• [COLLECTED DATA]:
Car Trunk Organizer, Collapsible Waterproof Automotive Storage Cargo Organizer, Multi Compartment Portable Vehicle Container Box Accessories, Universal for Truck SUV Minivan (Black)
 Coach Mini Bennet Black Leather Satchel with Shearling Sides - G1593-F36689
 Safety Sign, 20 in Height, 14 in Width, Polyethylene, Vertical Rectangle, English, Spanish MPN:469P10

• [TASK INSTRUCTIONS]: Work out how many lines of the material contain the word "Black" and answer with that number only.

• [COMPLETED TASK]: 2